Loki / Tempo datasource not working

Check:

service names and URLs in additionalDataSources

that Loki / Tempo services exist:

kubectl -n monitoring get svc | egrep "loki|tempo|grafana|prom"

network policies / ingress policies (if any)

Alert rules are present but no Teams messages arrive

Check:

that prometheus-msteams is running:

kubectl -n monitoring get pods | grep prometheus-msteams

bridge logs:

kubectl -n monitoring logs deploy/prometheus-msteams --since=10m

Alertmanager reload logs:

kubectl -n monitoring logs alertmanager-prometheus-stack-vendor-alertmanager-0 --since=10m

rendered Alertmanager config (generated secret):

kubectl get secret -n monitoring alertmanager-prometheus-stack-vendor-alertmanager-generated -o json \
| jq -r '.data["alertmanager.yaml.gz"]' \
| base64 -d \
| gunzip -c

Open WebUI dashboards show no data

This setup relies on OpenTelemetry metrics flowing through Alloy into Prometheus.

Check:

Open WebUI environment variables for OTEL are enabled
Alloy receiver / exporter configuration is correct
Prometheus can see http_server_* metrics for job="open-webui"

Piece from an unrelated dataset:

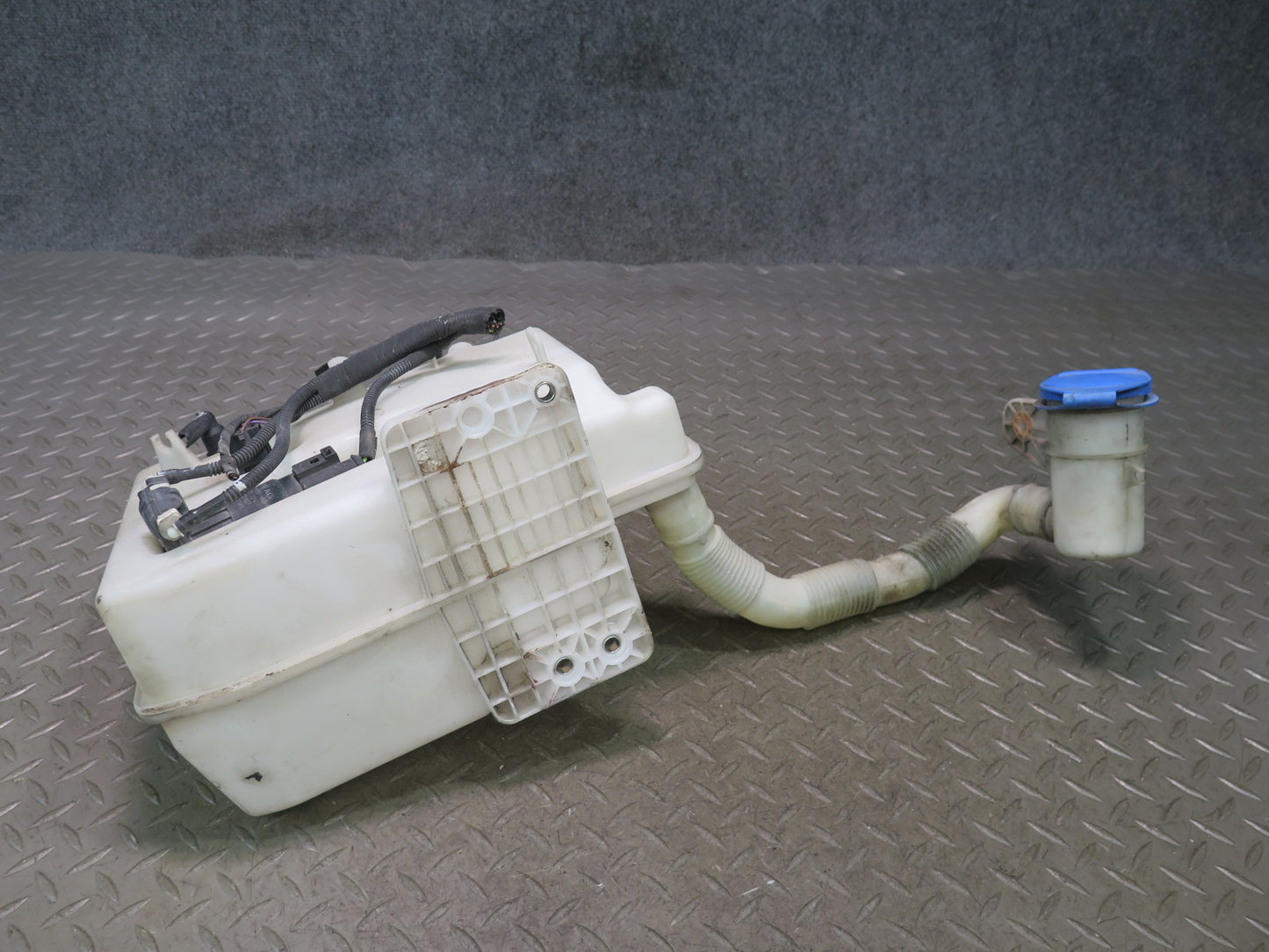 06-09 VW Golf MK5 R32 Windshield Washer Fluid Reservoir Tank w Pumps OEM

vLLM or LiteLLM dashboards show no data

Check:

the ServiceMonitor exists
the Prometheus target is up
the metrics endpoint returns data
the dashboard uses the metric names exposed by the deployed application version

Operational notes

The current observability and alerting setup is intended as a first operational baseline.

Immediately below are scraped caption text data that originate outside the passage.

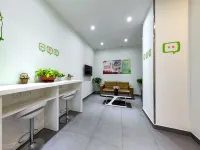 Xiaomei Hotel (Beijing Universal Studios Tuqiao Subway Station)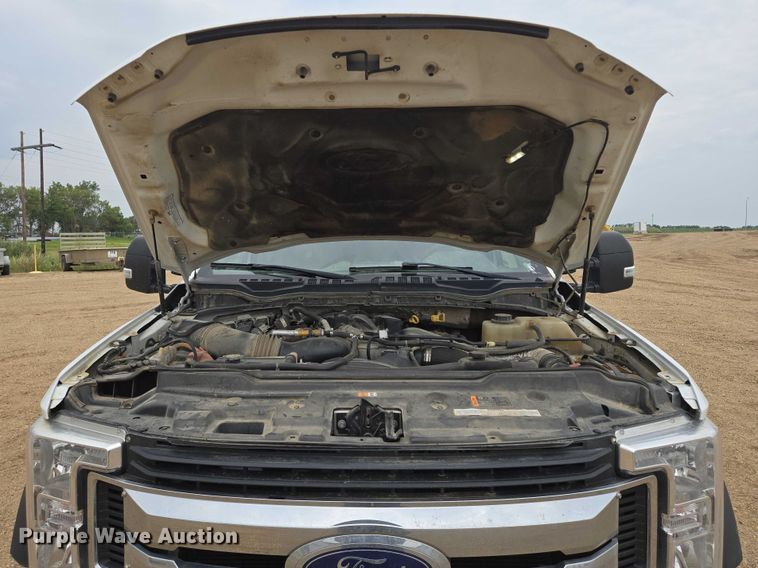 image for item DY1085 2017 Ford F550 Crew Cab utility / service truck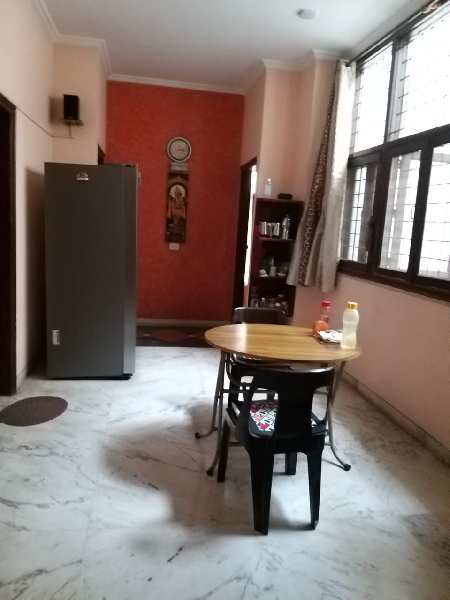 3 BHK Flats & Apartments for Sale in Block D, Hauz Khas, Delhi (272 Sq. Yards)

It is recommended to review and tune over time:

latency thresholds
repeat intervals
grouping behavior
severity levels
Teams notification noise
dashboard queries after application upgrades

As usage patterns become clearer, additional alerts can be introduced gradually.

Summary

The observability stack now includes:

metrics via Prometheus
dashboards via Grafana
logs via Loki
traces via Tempo
OTEL collection / forwarding via Alloy
platform alerts routed to Microsoft Teams

This provides a practical baseline for monitoring GPU capacity, inference services, proxy behavior, alert delivery, and the Open WebUI application layer in a GitOps-managed cluster.